Emphasizing descriptive inferences about collected information, perhaps via charts, graphics or tables, better serves the researcher’s goal of accumulating evidence in favor of a particular effect. Ideally, statistical studies should use data and context to build a convincing case for or against something. Implicit in this design is the use not only of data, but the interweaving of it with theory, context, history and other strands of information to build on compelling insights.

Quality statistical inference also means a re-emphasis on effect size or impact rather than how well that effect has been measured. Measurement is important, but not in the sense of collecting enough data to ensure a statistically significant estimate. Rather than researchers pumping enough data through NHST to produce statistical significance in the form of a miniscule p-value, good statistical practice should allow the data, as much as possible, to speak for themselves.

This method requires researchers to emphasize descriptions of their data, including the uncertainties within them, rather than forcing data through an estimation process predicated on spurious logic. It also requires researchers to think more deeply about their research questions and the ways in which data, along with other convergent lines of evidence, can illuminate understanding of a problem.

Since NHST came out of academia, the introduction of corrective incentives for good statistical practice could begin there. Tenure committees and journal editorial boards could emphasize academic work that splits research into components. One part of rigorous empirical research could be original, exploratory work and another part could focus on confirming or disconfirming the original ideas that exploratory work suggests.

Another good way is for academic departments to base career mobility opportunities on data collection and production of quality statistics via the replication of statistical experiments. Academic credit for the use of data could function much like references do now.

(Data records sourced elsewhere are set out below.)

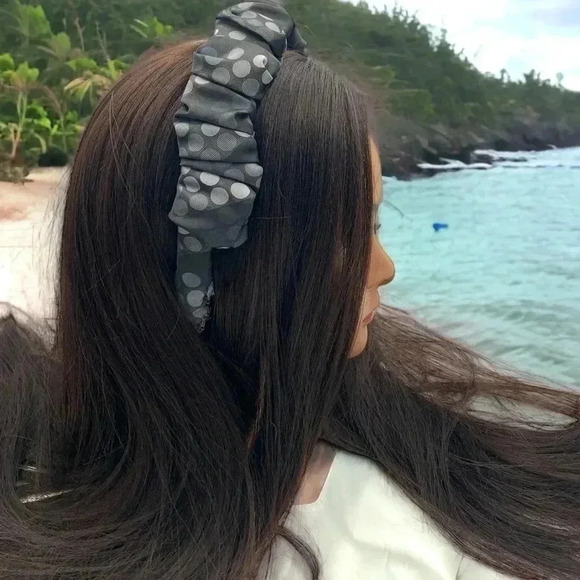 Multi-Gray Polka Dots Silk Headband Artisan Handcrafted Crown Hair Accessory - Picture 2 of 8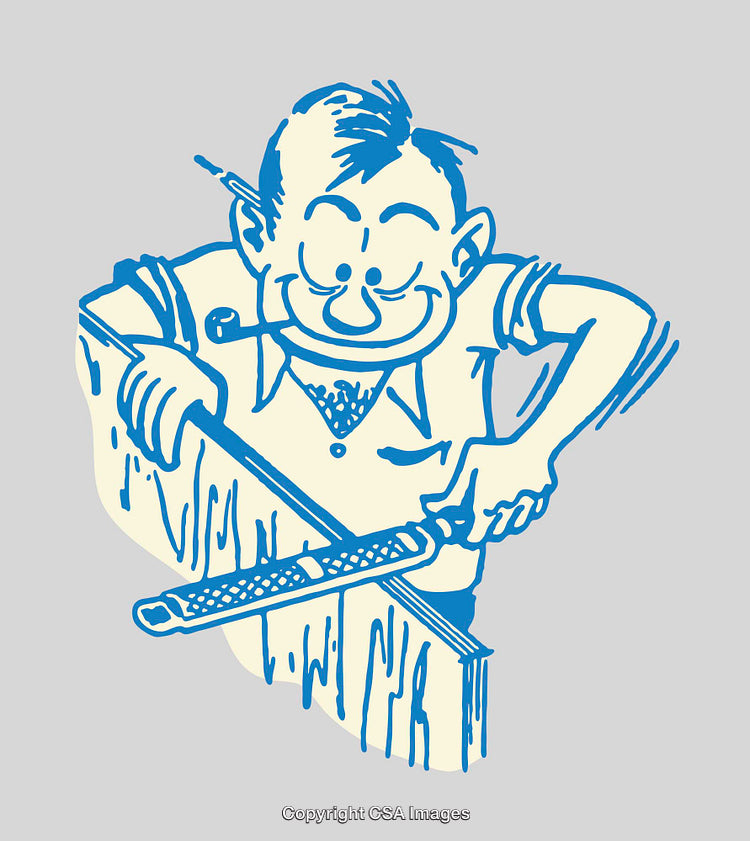 Vintage-Style Cartoon Illustration of a Man Working with Wood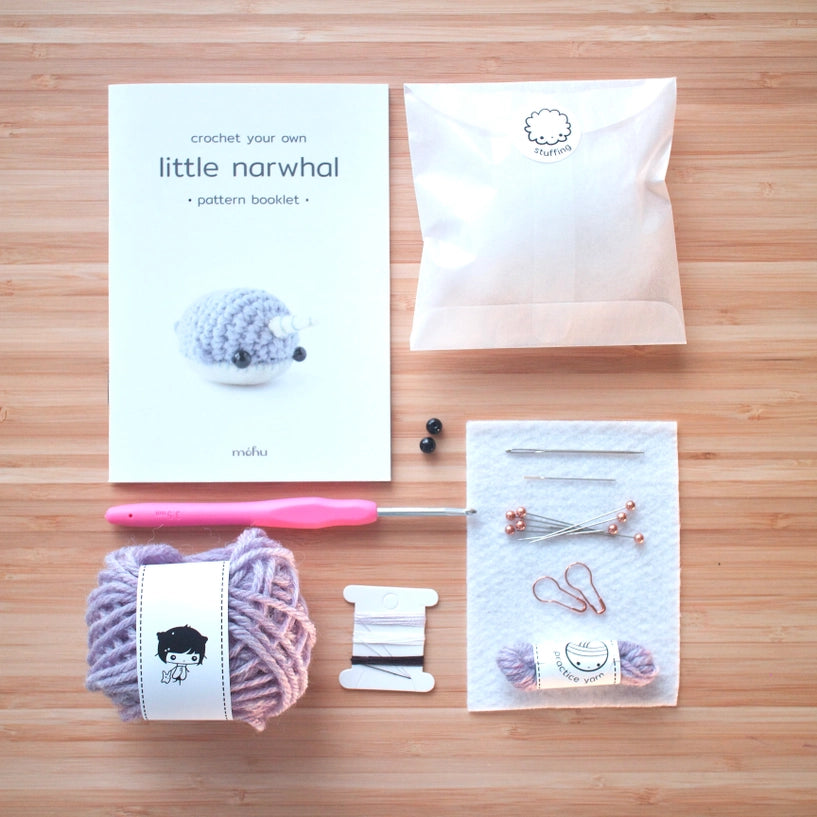 Little Narwhal Crochet Kit - Beginner Amigurumi Kit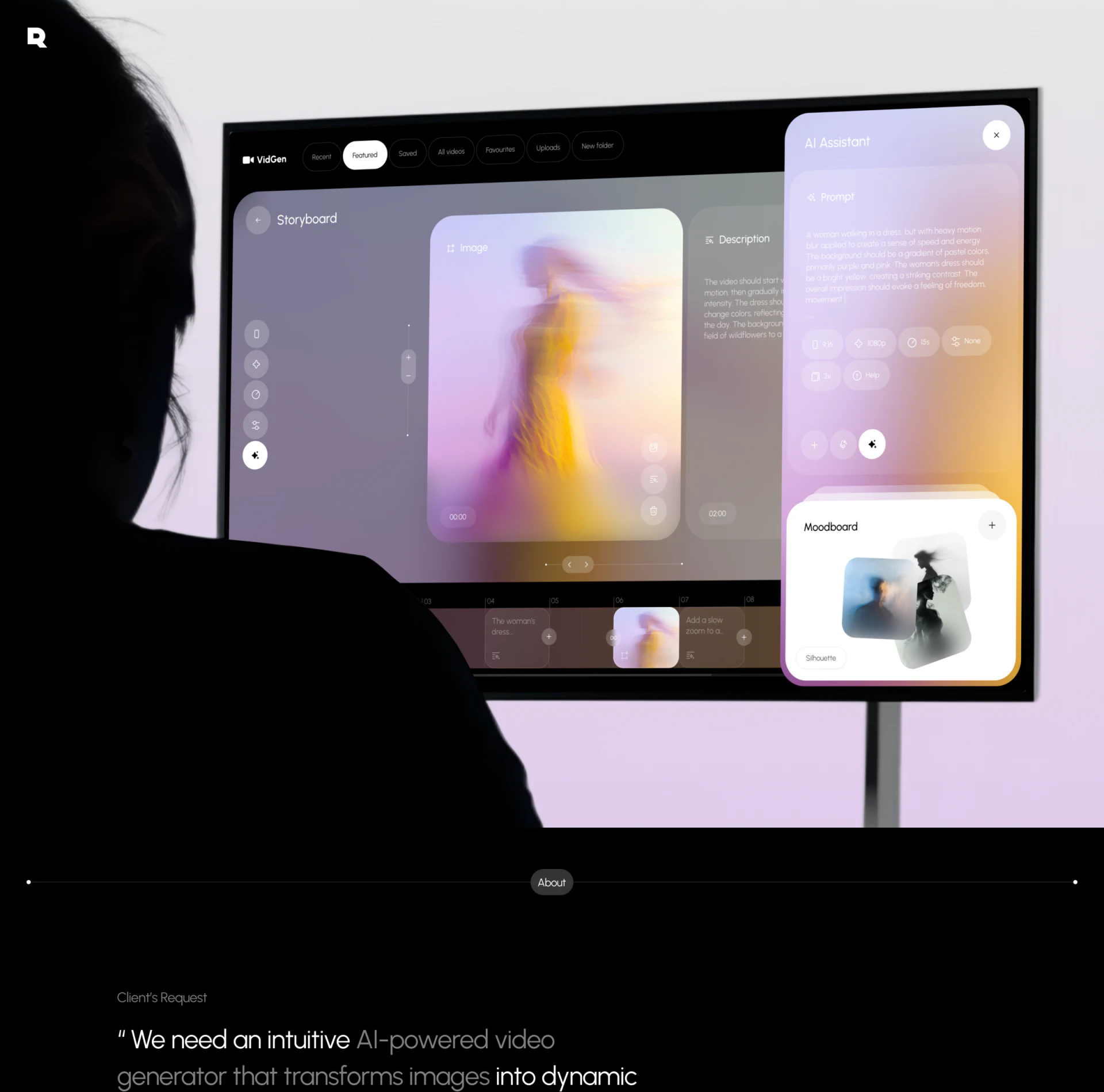 VidGen桌面预览、Description、Prompt助手和底部时间线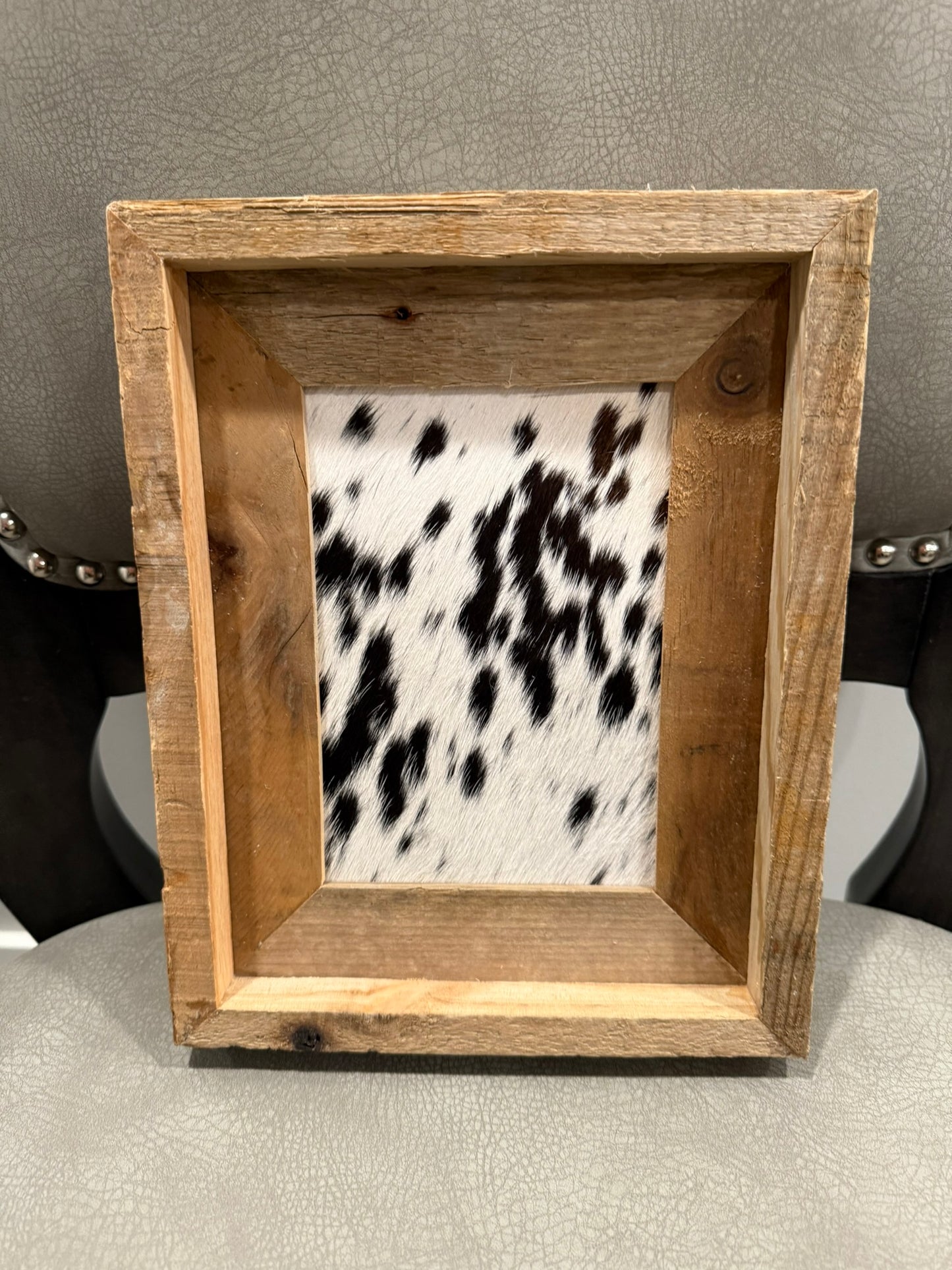 8x10 Cowhide Branding Frame - Cowhide + Weathered Wood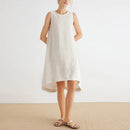 Linen Elegant Party Dresses For Women Casual Sleeveless Asymmetric Back Button Women Summer Dress Boho Dress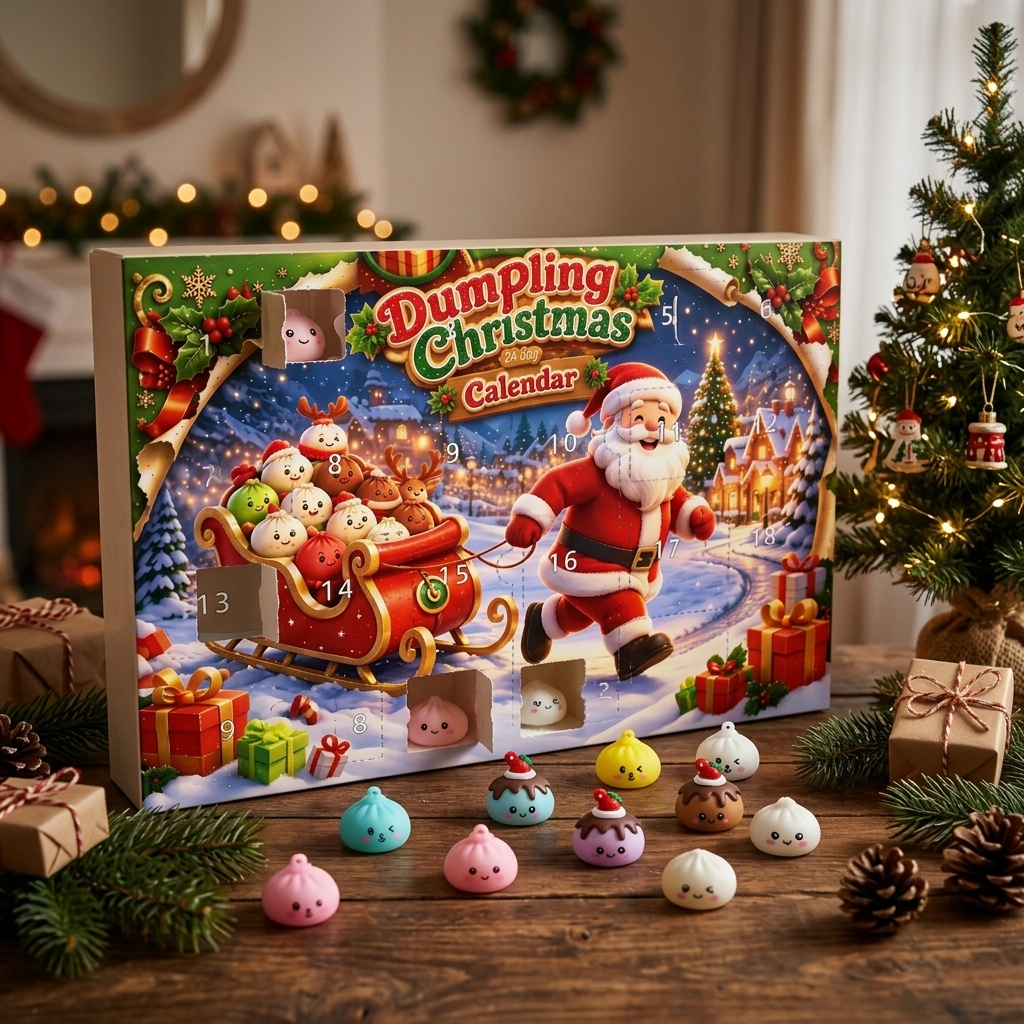 Santa Sleigh Dumpling Squishy Advent Calendar 24 Pieces in its kawaii setting
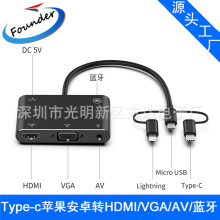 适用于苹果 安卓 type-c转HDMI/VGA/AV转换器 蓝牙接音频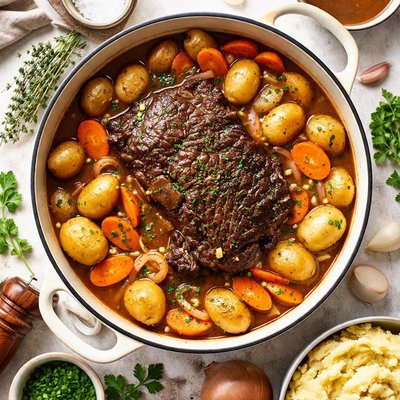 Image of Stove Top Pot Roast with Gravy Potatoes and Carrots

Researchers could reap career benefits from these assembling high-quality data rather than being solely rewarded for producing “statistically significant” results.

This also goes for replication studies. Journals and tenure or promotion review boards should heavily incentivize researchers undertaking to replicate each others’ works. Indeed, government and industry could also benefit from these same incentives. Career advancement should be based on publicizing results that are replicable, working to replicate results or collecting and exploring data independently of the NHST paradigm.

Any movement away from solely awarding researchers for producing statistically significant findings and toward producing high-quality data leading to replicable insights would be a good step toward breaking away from NHST’s methodological stranglehold that cripples quality statistical research.